Input>
▼

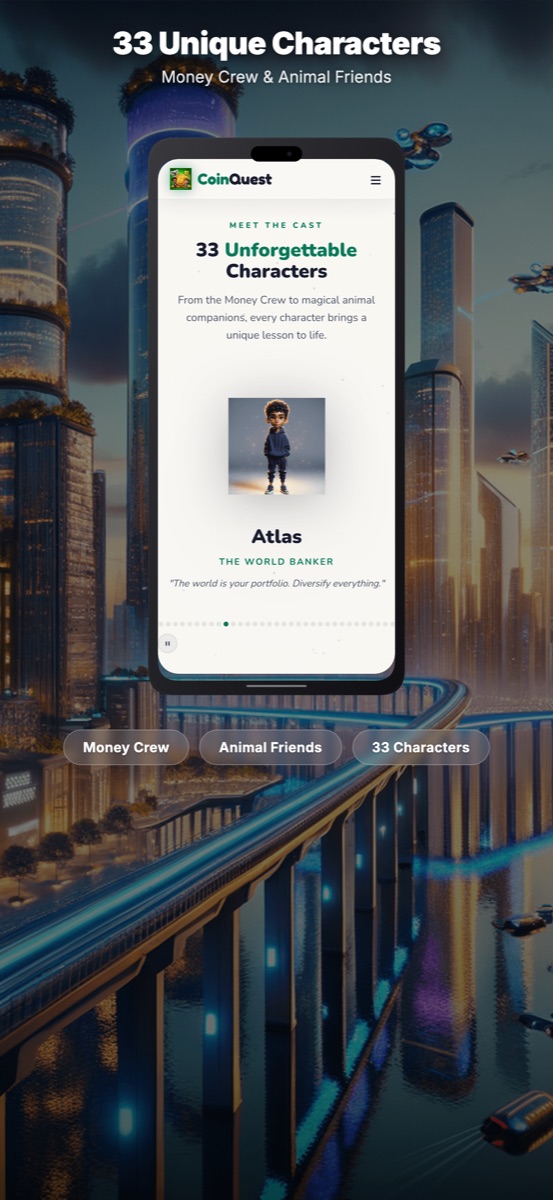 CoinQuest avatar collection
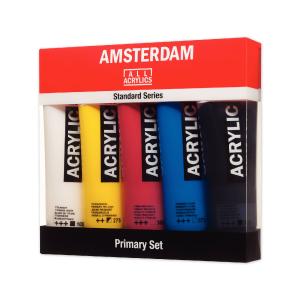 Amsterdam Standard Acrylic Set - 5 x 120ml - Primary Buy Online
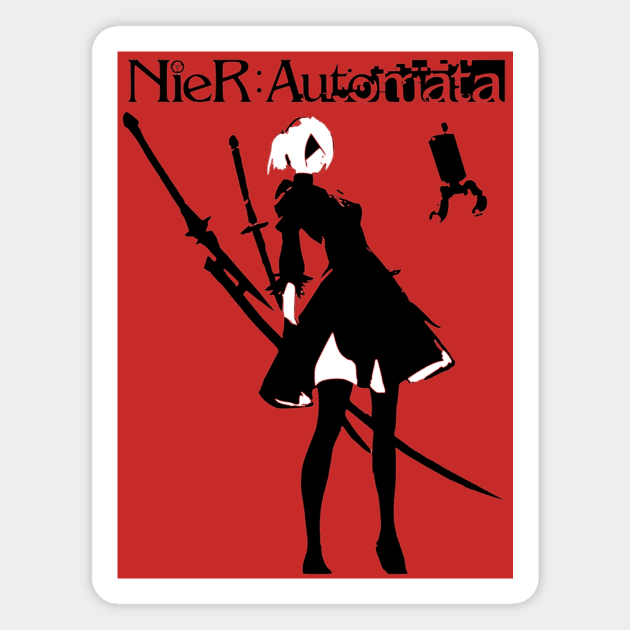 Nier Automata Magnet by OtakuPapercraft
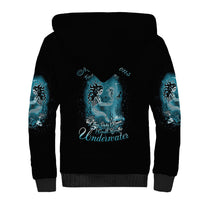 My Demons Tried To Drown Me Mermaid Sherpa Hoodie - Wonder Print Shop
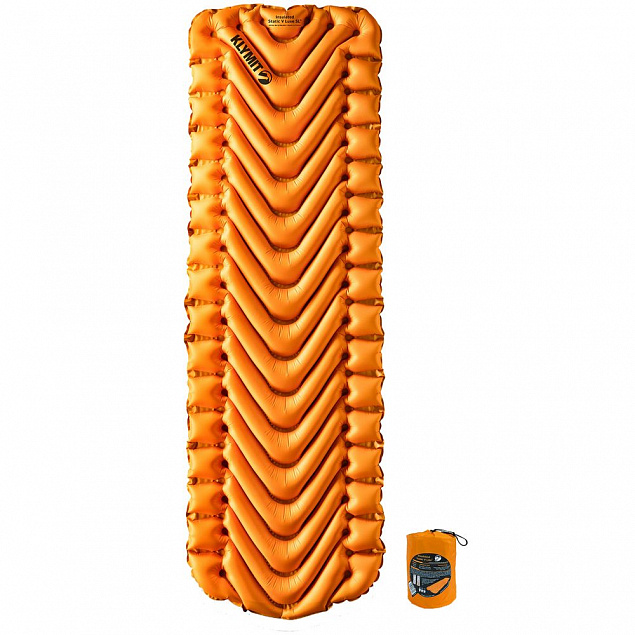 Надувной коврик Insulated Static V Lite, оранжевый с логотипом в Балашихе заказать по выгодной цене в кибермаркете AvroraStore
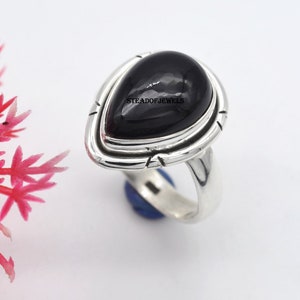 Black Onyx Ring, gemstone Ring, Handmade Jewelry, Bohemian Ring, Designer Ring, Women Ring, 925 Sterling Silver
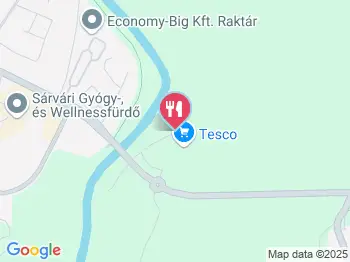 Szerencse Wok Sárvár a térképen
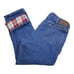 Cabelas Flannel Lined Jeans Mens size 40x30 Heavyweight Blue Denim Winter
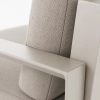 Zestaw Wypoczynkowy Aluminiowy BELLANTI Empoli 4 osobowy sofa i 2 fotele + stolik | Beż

▲
▼

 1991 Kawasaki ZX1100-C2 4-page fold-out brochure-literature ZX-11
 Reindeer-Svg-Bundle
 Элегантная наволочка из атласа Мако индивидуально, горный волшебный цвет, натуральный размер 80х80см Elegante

▲
▼

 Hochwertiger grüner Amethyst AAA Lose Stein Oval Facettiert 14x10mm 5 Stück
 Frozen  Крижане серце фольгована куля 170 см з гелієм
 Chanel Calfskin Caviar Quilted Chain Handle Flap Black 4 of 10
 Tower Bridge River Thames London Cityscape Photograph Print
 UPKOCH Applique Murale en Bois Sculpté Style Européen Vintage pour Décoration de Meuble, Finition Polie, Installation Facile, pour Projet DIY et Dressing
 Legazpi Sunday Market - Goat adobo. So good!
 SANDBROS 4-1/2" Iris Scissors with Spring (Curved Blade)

▲

Task requirements>
What to print is the stretch of entries from the line with "Black Onyx Ring, gemstone" up to and including the line with "Zestaw Wypoczynkowy Aluminiowy BELLANTI". Please print it exactly and leave out the pictures.

Response area>
 Black Onyx Ring, gemstone Ring, Handmade Jewelry, Bohemian Ring, Designer Ring, Women Ring, 925 Sterling Silver
 Szerencse Wok Sárvár a térképen
 Cabelas Flannel Lined Jeans Mens size 40x30 Heavyweight Blue Denim Winter
 Zestaw Wypoczynkowy Aluminiowy BELLANTI Empoli 4 osobowy sofa i 2 fotele + stolik | Beż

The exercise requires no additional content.